» THE PROBLEM:
All that is wanted is the exact text of the lines below from the one with "Flores de veza" through the one with "Bitkin düşen kertenkeleye su içirdi", inclusive, minus any pictures.

» INFORMATION SUPPLIED:
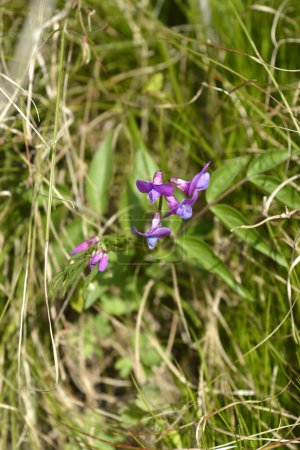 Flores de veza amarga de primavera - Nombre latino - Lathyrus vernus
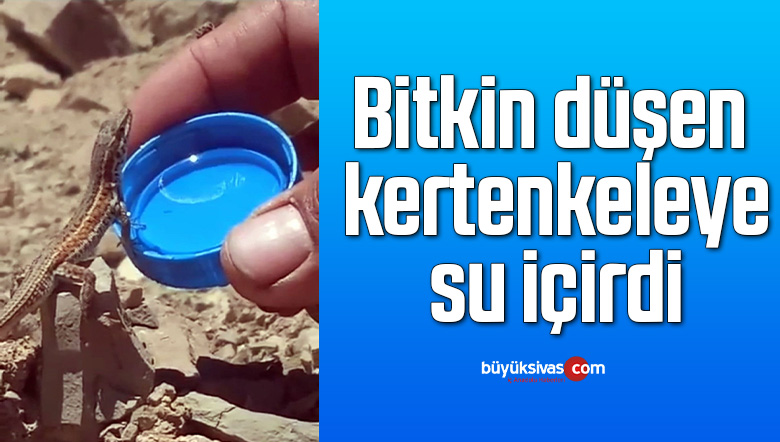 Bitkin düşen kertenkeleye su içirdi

---

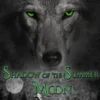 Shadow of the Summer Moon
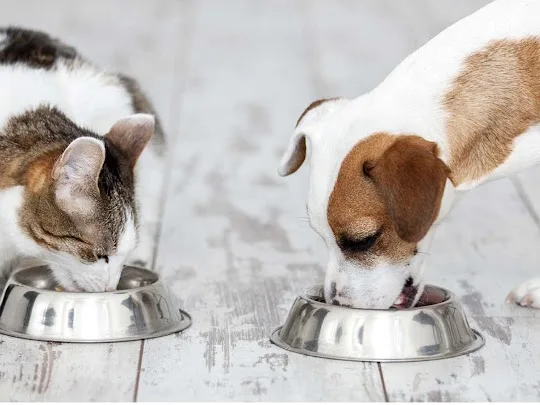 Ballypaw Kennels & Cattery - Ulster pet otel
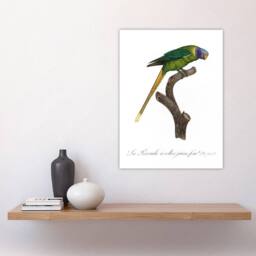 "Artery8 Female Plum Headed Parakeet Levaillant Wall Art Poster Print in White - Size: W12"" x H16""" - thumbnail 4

* * *

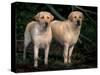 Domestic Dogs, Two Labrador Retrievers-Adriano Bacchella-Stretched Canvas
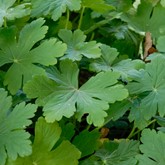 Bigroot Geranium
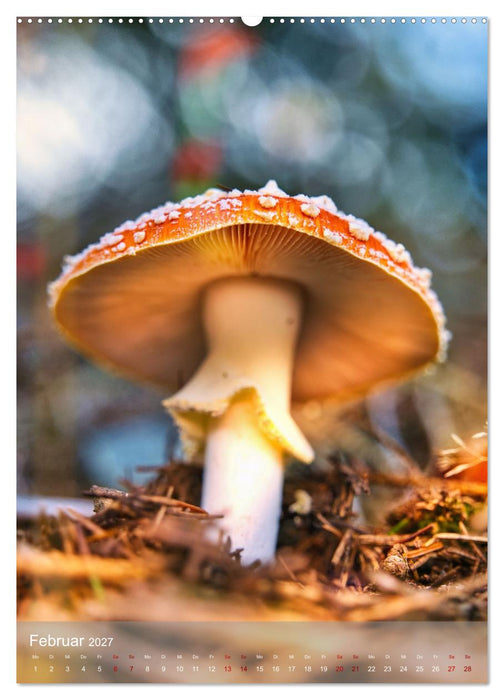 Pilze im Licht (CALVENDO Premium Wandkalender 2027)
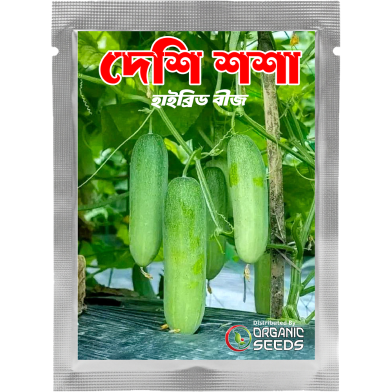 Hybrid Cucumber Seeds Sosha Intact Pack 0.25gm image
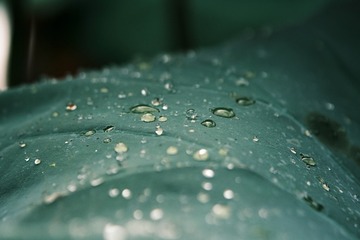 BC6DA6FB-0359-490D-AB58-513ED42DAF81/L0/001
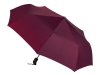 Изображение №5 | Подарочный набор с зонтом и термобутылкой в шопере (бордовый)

» RESULT OF THE EXERCISE:
 Flores de veza amarga de primavera - Nombre latino - Lathyrus vernus
 Bitkin düşen kertenkeleye su içirdi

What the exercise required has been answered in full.